I have always carried the data sets of firms that are on C-TREE whenever I have had to travel away. I ensure that the datasets I carry are most recent (a day old). One case I vividly recall was when I had to travel to a far away place where I could only get intermittent internet and email access. I was still able at my free time to generate all the Year End reports properly analyzed and email back to the auditors. All this without the need to remote in to the firm’s database (which would have been the case had the firm been on SQL). All I had to ensure was that I had a copy of the dataset with all the period and Year End adjustments complete. It was like carrying a brief case of accounts. The pla file was all I ever needed!.
I personally therefore would never touch a SQL database for the above reasons and also because of the inherent issues that the PCLaw SQL system is know for - data corruption, slowness etc. My mantra then; stick to the strengths of PCLaw and better the Devil you know.

A PCLaw SQL Horror Story

In the past I have seen two incidences when a firm decided to migrate the PCLaw database to SQL. Both related to the same firm, with the first being for one branch and the second for the other. Different databases for different offices; different reasons to migrate to SQL; and all for the same firm.
The reason for the first office was to enable better data mining, extraction of reports for business intelligence, ensure data integrity and minimize data corruption issues. The upgrade was a disaster, crippling the Accounts office and within two days the database was reverted back to C-TREE.  All happy going from then on.

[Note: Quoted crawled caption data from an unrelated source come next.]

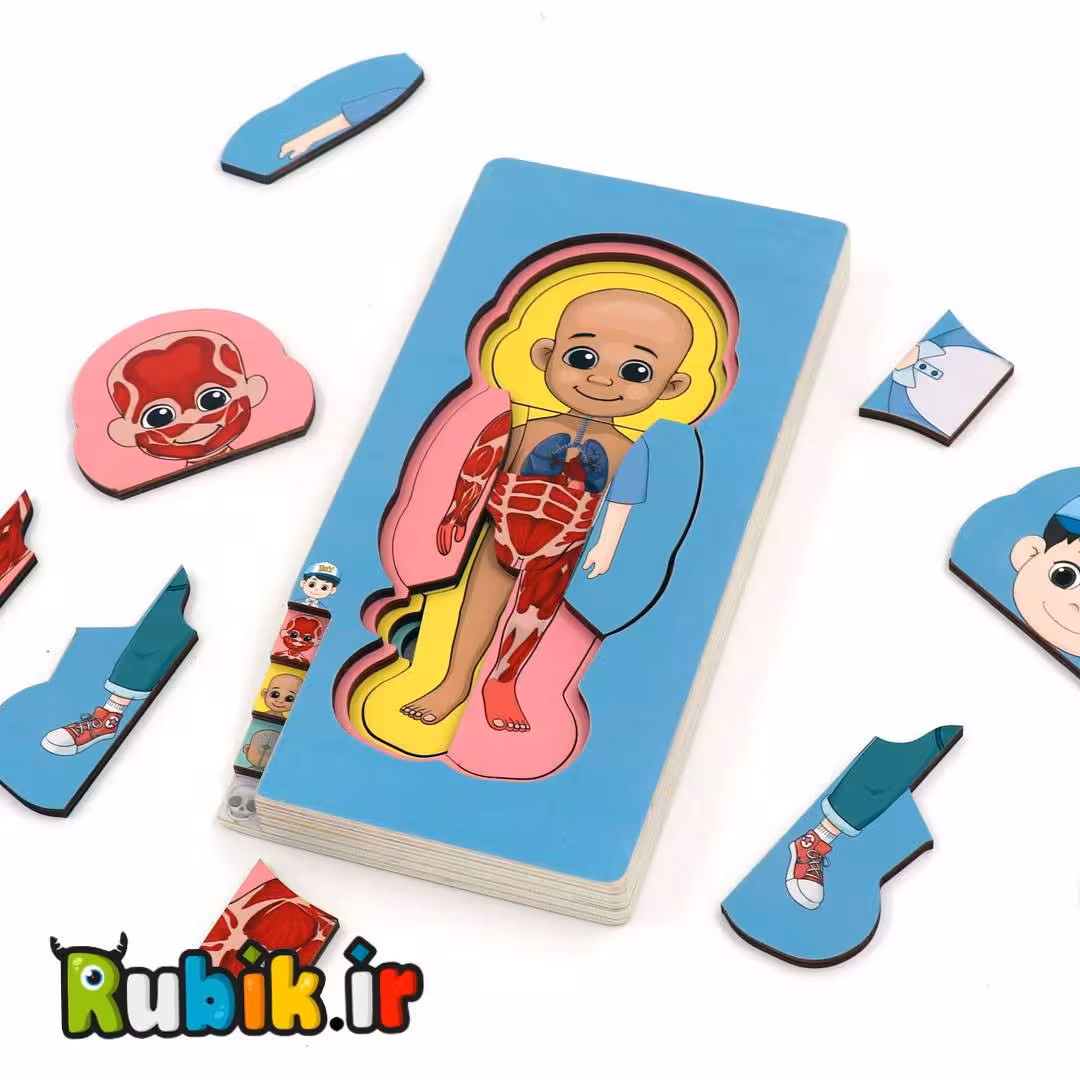 پازل چند لایه اعضای بدن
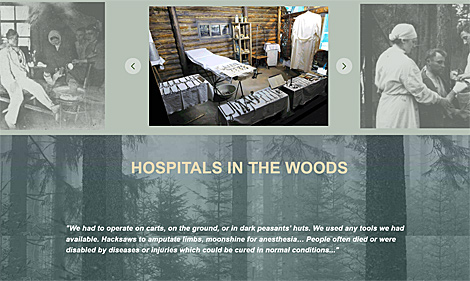 Partisan Chronicles: Hospitals in the Woods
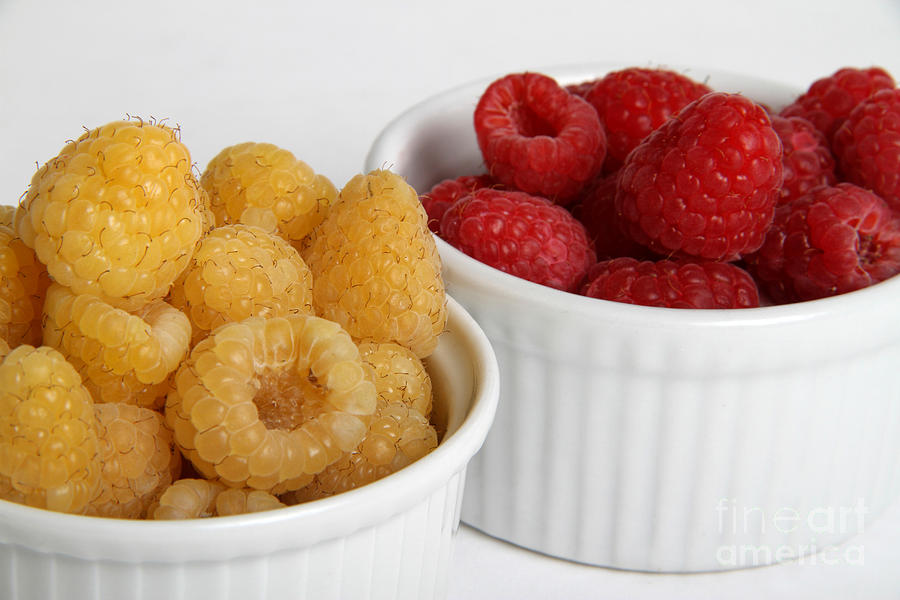 Red And Golden Raspberries #1 Photograph by Photo Researchers, Inc.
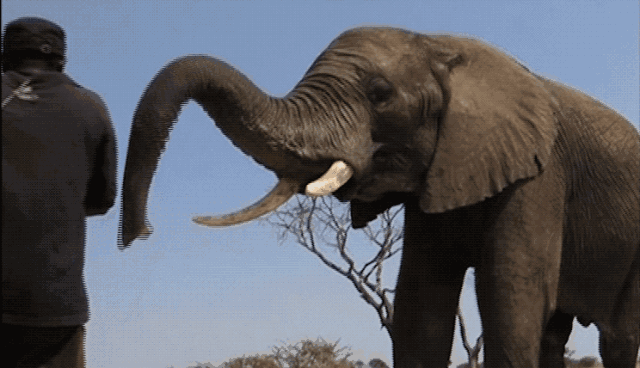 您知道在非洲怎样分辨大象公母吗?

The database at the second office was faced with a forced upgrade situation imposed upon by the consultants who were engaged in implementing a DMS (Interwoven Worksite). Without upgrade of PCLaw to SQL they were not going to touch anything. And that was after the firm had signed off the purchase (of Worksite)! In a nutshell there was a complete disregard of the Accounting system for the sake of PCLaw integration with Worksite. Despite the risks presented in a “crystal ball” fashion and despite earlier warnings, the firm upgraded to SQL.
Fast forward two years later: The Accounts office on the C-TREE database continued with greater speed and efficiency whilst the other office on SQL began getting issues that got from bad to worse. To put things into perspective the branch on C-TREE database was consistent in finalizing its year end accounts & audit by  February while the other office had the worst year as it took 9-10 months in finalizing its Audit/Accounts.
So, what went wrong? The cause is “Interwoven” – yes as the DMS name suggests all issues interweaved from slowness in report generation, data corruption, errors prone balances which the Accounts team relied, to finalizing periodic and Year-End accounts and audit. The domino effect had disastrous consequences.
A short horror story and simply because unlike more mature programs (Worksite in this case)  PCLaw was not designed to operate on SQL. So, should a firm upgrade to SQL or stick to C-TREE? That is probably a topic for next discussion.